Application of Feynman parameters in an improper integral

Question

I've read in a paper

• E. Guadagnini, M. Martellini, M. Mintchev, Wilson Lines in Chern-Simons Theory and Link Invariants, Nucl. Phys. B 330 (1990) pp 575–607 https://doi.org/10.1016/0550-3213(90)90124-V, Inspirehep

that the following integral: $$ I^i(\textbf{a},\textbf{b})=\int_{\textbf{w}\in\mathbb{R}^3}\frac{w^i}{\|\textbf{w}\|^3\|\textbf{w}-\textbf{a}\|\|\textbf{w}-\textbf{b}\|} $$ ...where $\textbf{w}, \textbf{a}, \textbf{b}\in\mathbb{R}^3$ are vectors, $w^i$, $a^i$, $b^i$ denote the $i^{th}$ component of $\textbf{w}$, $\textbf{a}$ and $\textbf{b}$ respectively, and $\|\|$ is the Euclidean norm, can be simplified by using Feynman Parameters $s$ and $t$ and integrating over $\textbf{w}$ to get the result: $$I^i(\textbf{a},\textbf{b})=2\int_0^1ds\int_0^1dt\sqrt{\frac{t}{s(1-s)}}\frac{sa^i+(1-s)b^i}{\{ s(1-s)\|\textbf{a}-\textbf{b}\|^2 + t\| s\textbf{a}+(1-s)\textbf{b} \|^2 \}}$$

I have two questions on this result:

1. Because I'm not 100% versed in these techniques, can someone show me the exact steps to get between the first equation above to the second equation?
2. With these techniques, is there ever a concern about convergence of the integral? I ask this because the above integral comes up in Bott-Taubes integration, and there is a lot of work done with respect to compactifying integration domains to make sure integrals are finite. Does the Feynman parametrization technique implicitly address these issues?

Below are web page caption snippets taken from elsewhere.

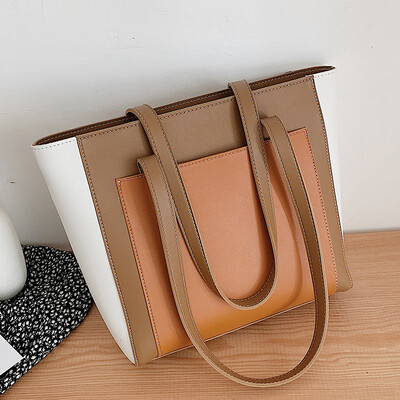 

Small bag womens bag new 2019 simple impingement color handbag large capacity single shoulder bag Totter large bag single should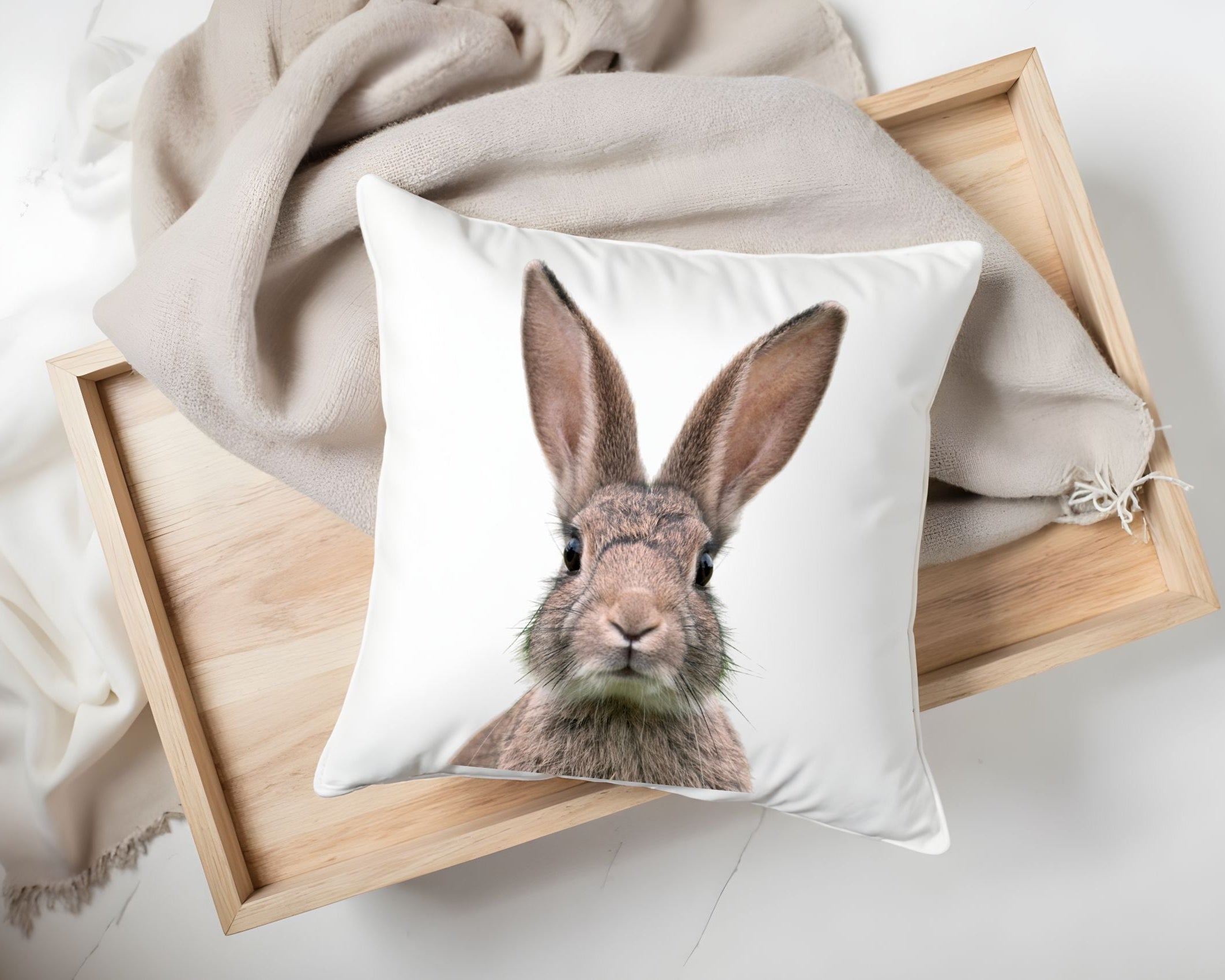 Flauschiges Hasenkissen Ostern | Bezug in 40 x 40 cm Printegy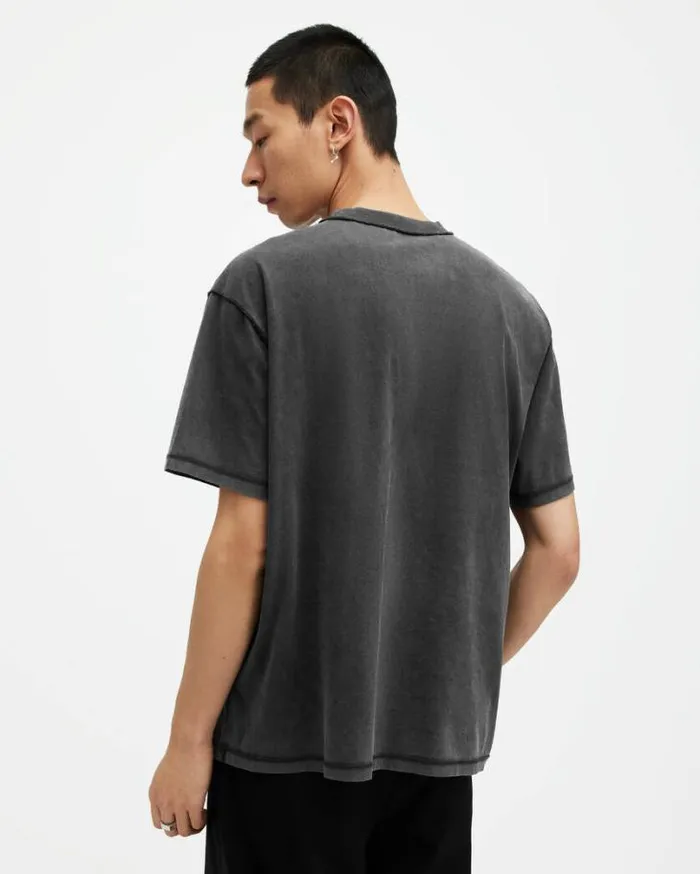 Covenant Gothic Printed Crew Neck TShirt Washed Black Men AllSaints TShirts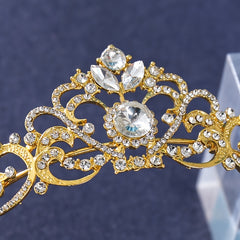 Golden Wedding Crowns And Tiaras Bride Princess Rhinestone Headband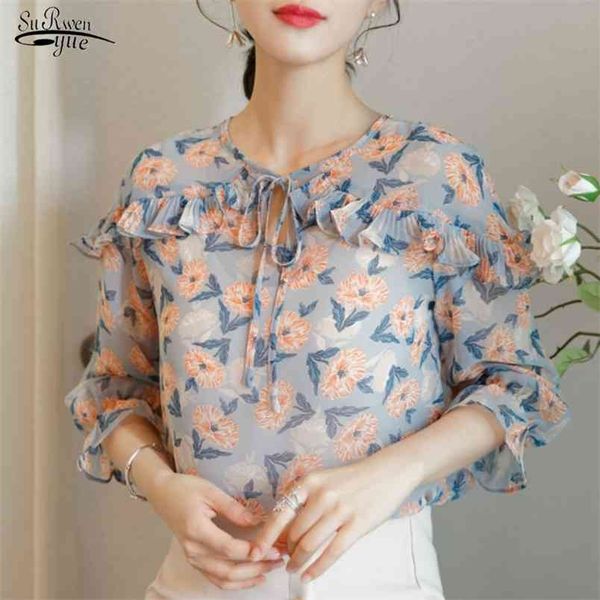 

blusas womens and blouses v-neck half chiffon blouse shirt women floral off-the-shoulder bow chic lady clothing 2742 210421, White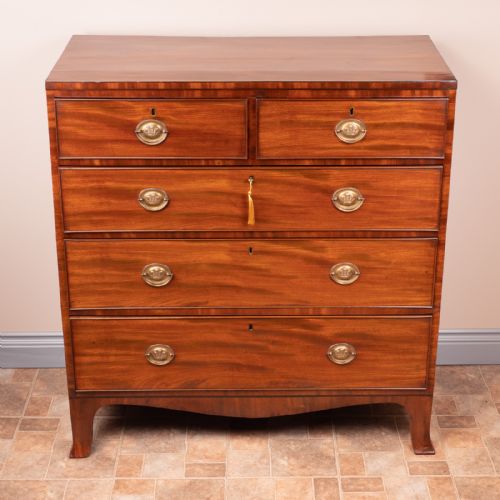 EARLY 19THC MAHOGANY CHEST OF DRAWERS - ADDITIONAL PHOTO 1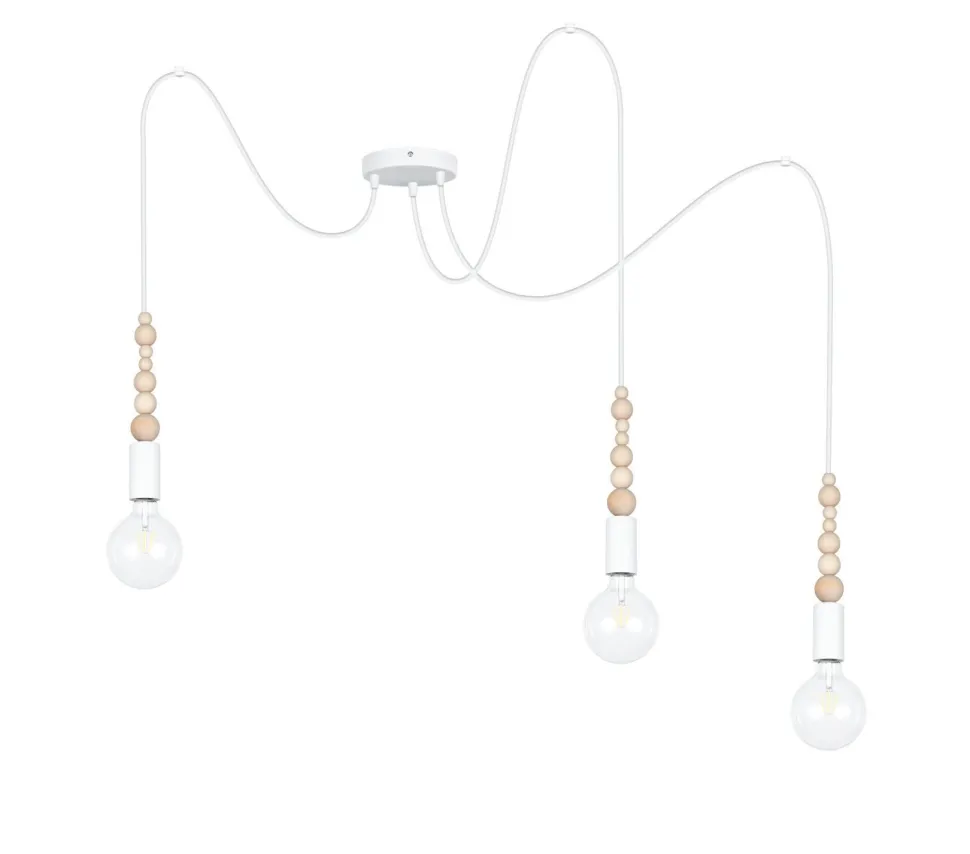 Große Spider Pendelleuchte Holz Metall E27 3-flmg Weiß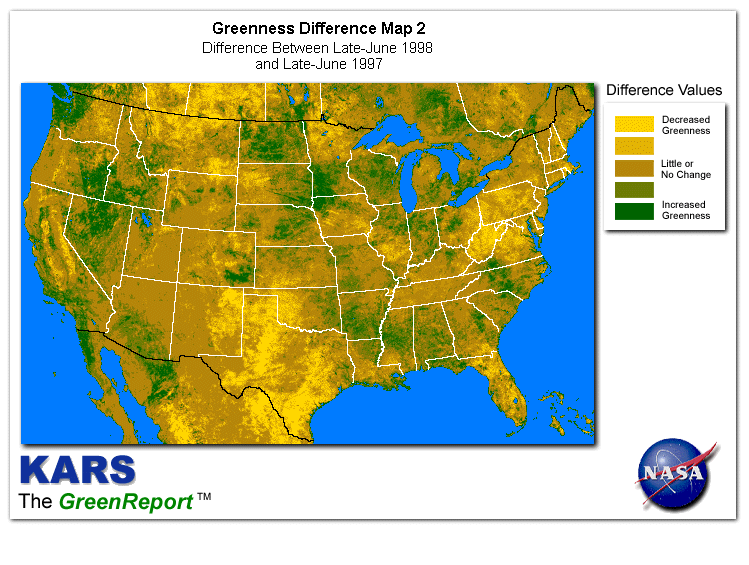 Color-coded U.S. vegetation greeness index map for Period 26 of 1998, illustrating spatial variations in plant vigor, with greener tones indicating higher biomass and browner tones indicating stressed vegetation,
              comparing current crop/vegetation change in biomass to same period from the previous year.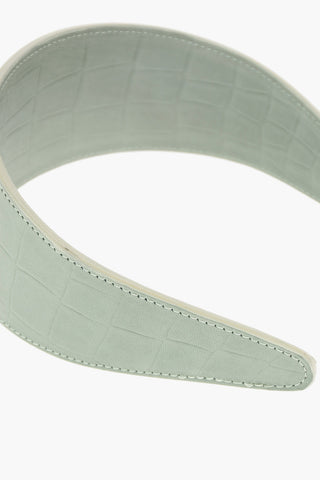 Croco Printed Leather Maxi Hairband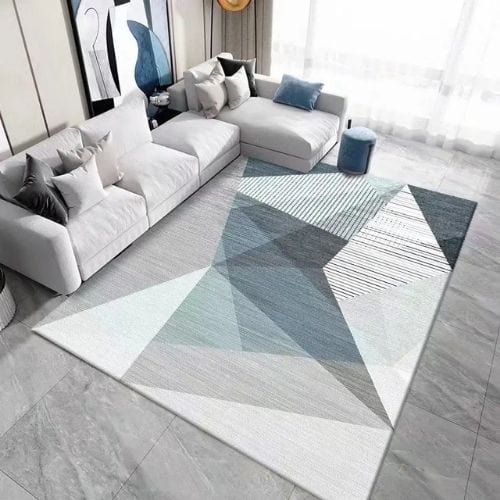 Tapis de Salon | Kilim Minimaliste Scandinave Abstrait - Tapinna® Bleu / Rectangulaire / 80x120cm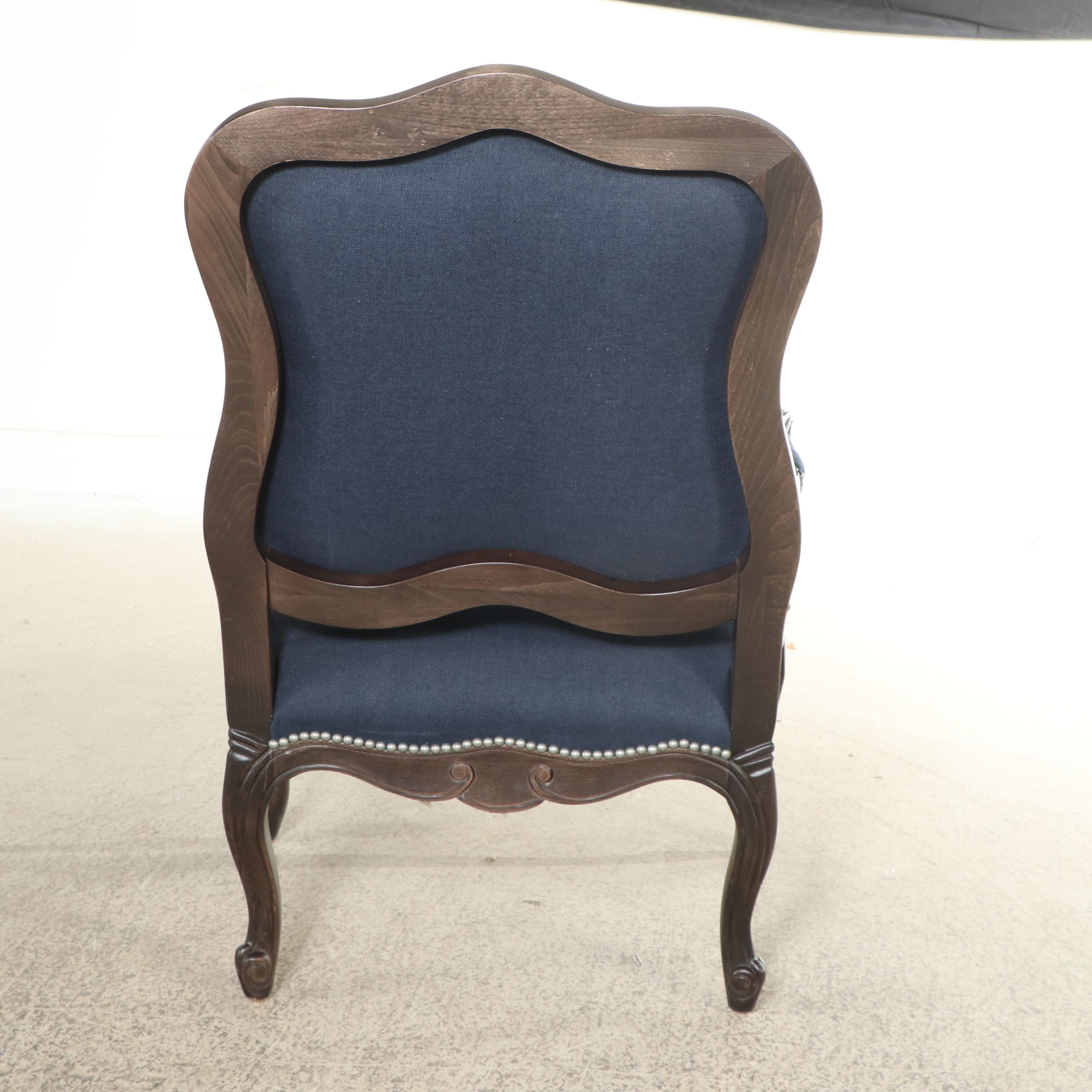 Contemporary Louis XV Style Fabric Upholstered and Ebonized Wood Fauteuil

(Because question 2. is a bit open-ended, I will happily accept an answer that addresses 1.)

Thanks in advance!

Answer 1

I use the Feynman parameterisation formula in the general form (valid for $ \text{Re} \, \alpha_{j} > 0 $ for all $j$):

$$\frac{1}{A_{1}^{\alpha_{1}}\cdots A_{n}^{\alpha_{n}}} = \frac{\Gamma(\alpha_{1}+\dots+\alpha_{n})}{\Gamma(\alpha_{1})\cdots\Gamma(\alpha_{n})}\int_{0}^{1}du_{1}\cdots\int_{0}^{1}du_{n}\frac{\delta(1-\sum_{k=1}^{n}u_{k})\;u_{1}^{\alpha_{1}-1}\cdots u_{n}^{\alpha_{n}-1}}{\left(\sum_{k=1}^{n}u_{k}A_{k}\right)^{\sum_{k=1}^{n}\alpha_{k}}} $$ In our case we take $n=3$, $\alpha_1=3/2$, $\alpha_2=\alpha_3=1/2$ to find $$F(w)=\frac{w_i}{\| w\|^3\|w-a\|\|w-b\|}=\frac{3w_i}{2\pi}\int_{0}^{1}du_{1}\int_{0}^{1}du_{2}\int_{0}^{1}du_{3}\frac{\delta(1-u_1-u_2-u_3)\;u_{1}^{1/2}u_{2}^{-1/2}u_{3}^{-1/2}}{\left(u_1\|w\|^2+u_2\|w-a\|^2+u_3\|w-b\|^2\right)^{5/2}}.$$ The integral of $F(w)$ over the 3-dimensional vector $w$ can be evaluated by first rewriting $$u_1\|w\|^2+u_2\|w-a\|^2+u_3\|w-b\|^2=(u_1+u_2+u_3)\bigl(\|w-v\|^2+d\bigr),$$ $$v=\frac{u_2 a+u_3b}{u_1+u_2+u_3},\;\;d=\frac{a^2 u_1 u_2+a^2 u_2 u_3-2 a b u_2 u_3+b^2 u_1 u_3+b^2 u_2 u_3}{(u_1+u_2+u_3)^2}.$$ The integral over $w$ then follows from the formula $$\int d^3 w \frac{w_i}{(\|w-v\|^2+d)^{5/2}}=\frac{4\pi v_i}{3d}.$$ So we arrive at $$\int d^3 w \,F(w)=2\int_{0}^{1}du_{1}\int_{0}^{1}du_{2}\int_{0}^{1}du_{3}\frac{(u_2 a_i+u_3 b_i)\delta(1-u_1-u_2-u_3)\;u_{1}^{1/2}u_{2}^{-1/2}u_{3}^{-1/2}}{a^2 u_1 u_2+a^2 u_2 u_3-2 a b u_2 u_3+b^2 u_1 u_3+b^2 u_2 u_3}$$ $$\qquad=2\int_{0}^{1}du_{2}\int_{0}^{1}du_{3}\frac{(u_2 a_i+u_3 b_i)(1-u_2-u_3)^{1/2}u_{2}^{-1/2}u_{3}^{-1/2}}{\|a\|^2 u_2(1-u_2)+\|b\|^2 u_3(1-u_3)-2(a\cdot b)u_2u_3}.$$

The parameterization quoted by the OP is a bit different, not symmetric in $a$ and $b$, I presume it is equivalent.